Würzburg 2018 – wissenschaftliches Programm
T 16.4: Vortrag
Montag, 19. März 2018, 16:45–17:00, Z6 - SR 2.006
Advantages of caching concepts for HEP analysis work-flows — •Christoph Heidecker, Matthias Schnepf, Max Fischer, Manuel Giffels, and Günter Quast — Karlsruher Institut für Technologie, Karlsruhe, Deutschland
Current experiments in High Energy Physics deliver tremendous amounts of data waiting for further processing. This leads to enormous challenges for the storing systems, but also for data distribution to end-users for further analyses. The situation is even compounded by the fact that HEP trends to utilize opportunistic resources as extension to common HEP computing facilities. For an efficient utilization of these resources an adequate data throughput of I/O intensive analyzes is essential. Data locality concepts that direct job to a processing unit holding necessary data in its local cache promise to solve those throughput limitations.
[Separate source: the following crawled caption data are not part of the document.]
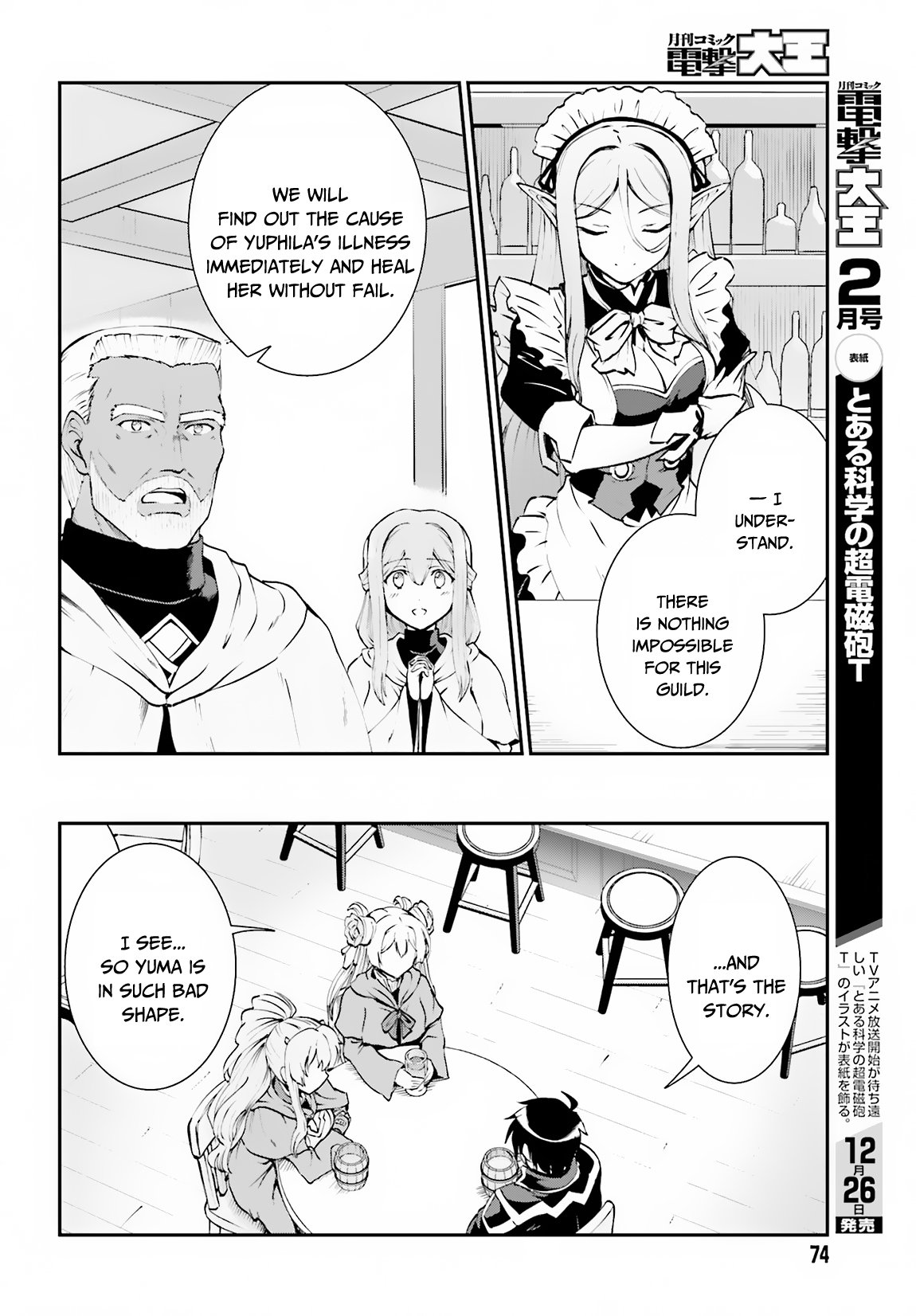 Maou Toubatsu Shita Ato, Medachitakunai node Guild Master ni Natta Chapter 8 page 5 - Chapter 8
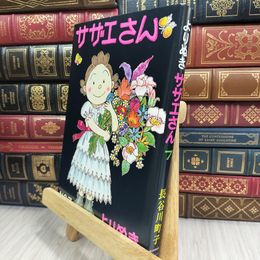 8_  よりぬきサザエさん ７ 長谷川町子 210181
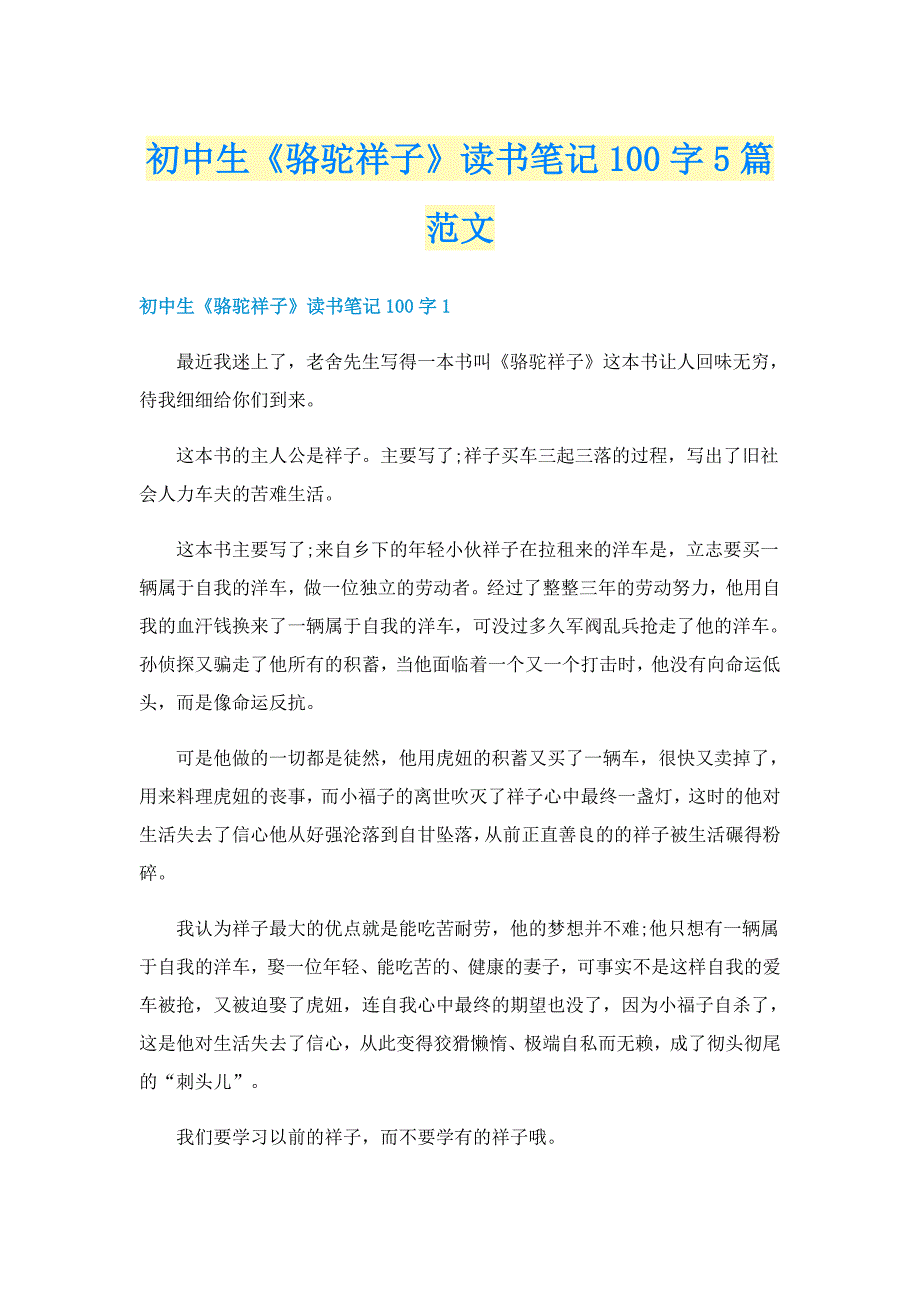 初中生《骆驼祥子》读书笔记100字5篇范文_第1页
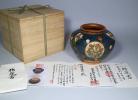 【懐】時代盛唐期作　唐藍彩万年壷　本阿弥常政指定書　木箱入り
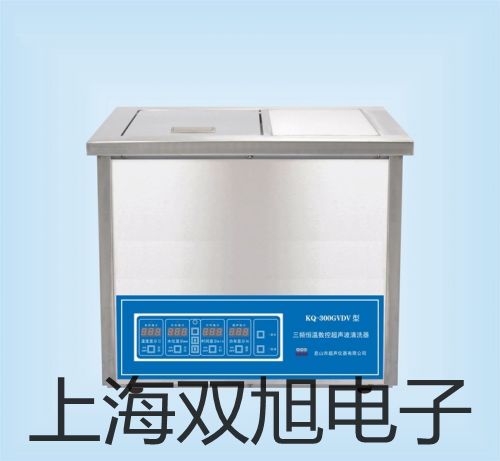 【双旭牌】耐震压力表YN-100ZQYN100ZQ销售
At KIT, two different caching concepts have been studied to enable short turn around cycles of I/O intensive analyses. Both concepts have been transparently integrated into the batch system HTCondor. The first approach utilizes coordinated caches on SSDs in the worker nodes and an HTCondor batch system that schedules jobs taking into account data locality. Another approach utilizes CEPH as a distributed file system acting as a system-wide cache. In combination with XRootD caching and data locality plug-ins, this approach is very well suited to tackle bandwidth limitations on opportunistic resources like HPC centers offering parallel file systems. In this talk, both caching concepts and the current development status are presented.